* **LISTED RECORDS**
>>

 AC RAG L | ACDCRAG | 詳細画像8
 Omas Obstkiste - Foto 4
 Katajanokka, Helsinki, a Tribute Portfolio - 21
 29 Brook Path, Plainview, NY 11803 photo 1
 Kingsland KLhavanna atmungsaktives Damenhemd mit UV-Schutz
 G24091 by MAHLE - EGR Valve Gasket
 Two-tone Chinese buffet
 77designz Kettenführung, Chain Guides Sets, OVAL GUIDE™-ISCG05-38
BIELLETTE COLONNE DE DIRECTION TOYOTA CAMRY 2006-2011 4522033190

<<
>>

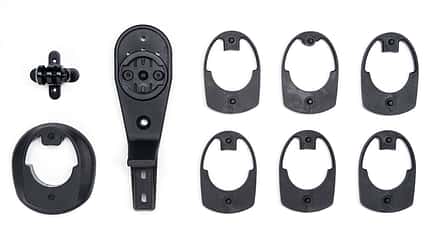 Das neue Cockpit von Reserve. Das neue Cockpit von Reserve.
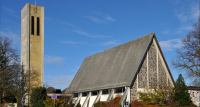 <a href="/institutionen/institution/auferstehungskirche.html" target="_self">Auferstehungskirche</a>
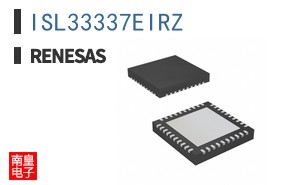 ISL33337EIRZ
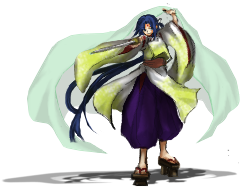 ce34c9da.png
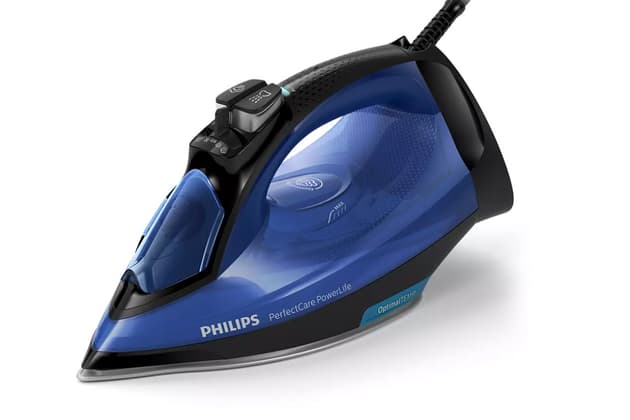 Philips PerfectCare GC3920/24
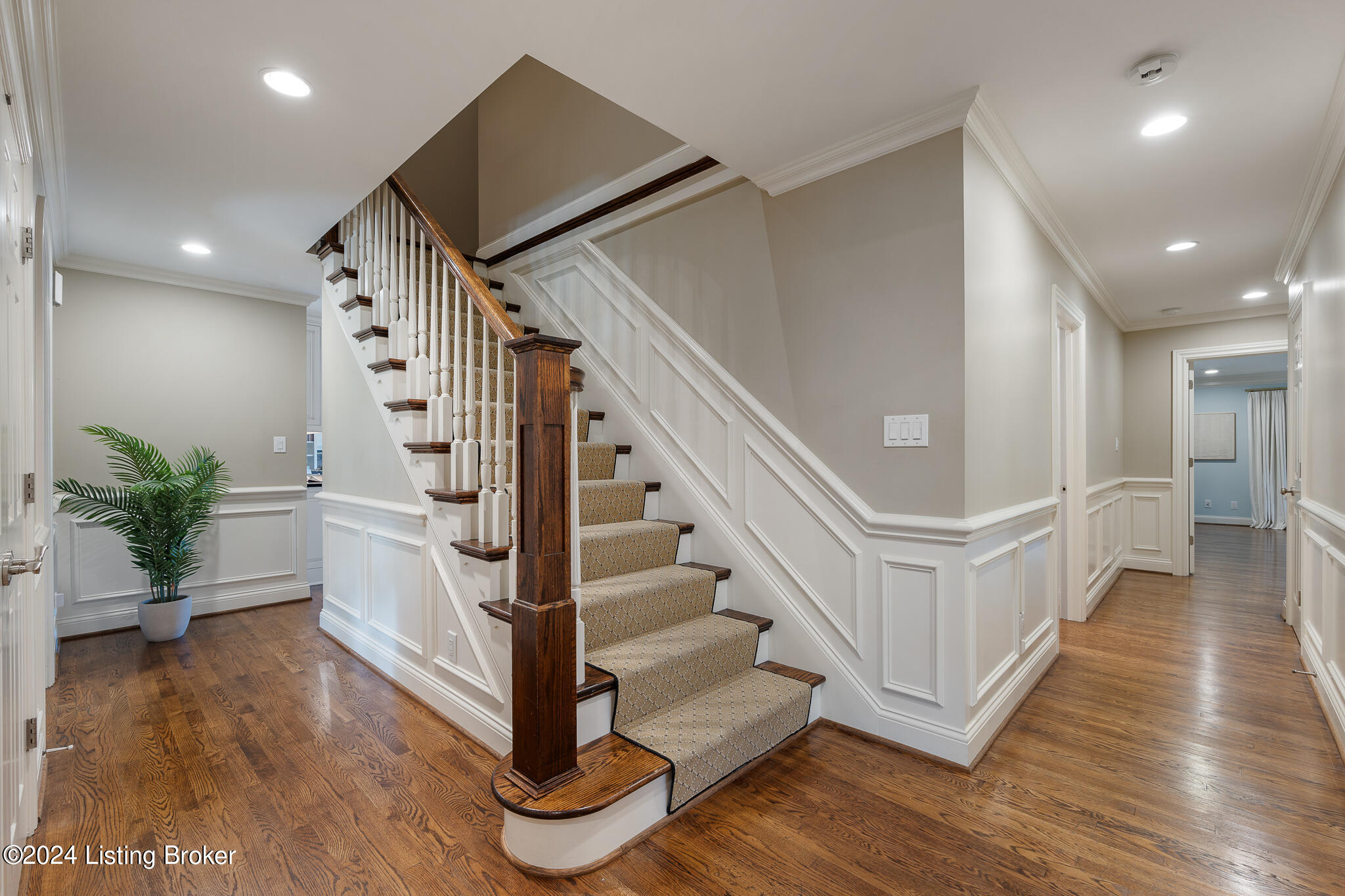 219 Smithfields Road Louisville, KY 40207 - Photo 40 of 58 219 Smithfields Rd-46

<<

* **YOUR INSTRUCTIONS**
Only the lines above starting at the line that holds "Katajanokka, Helsinki, a" and ending at the line that holds "Two-tone Chinese buffet" are to be repeated, exactly and in full.

* **ANSWER TO THIS PROBLEM**
 Katajanokka, Helsinki, a Tribute Portfolio - 21
 29 Brook Path, Plainview, NY 11803 photo 1
 Kingsland KLhavanna atmungsaktives Damenhemd mit UV-Schutz
 G24091 by MAHLE - EGR Valve Gasket
 Two-tone Chinese buffet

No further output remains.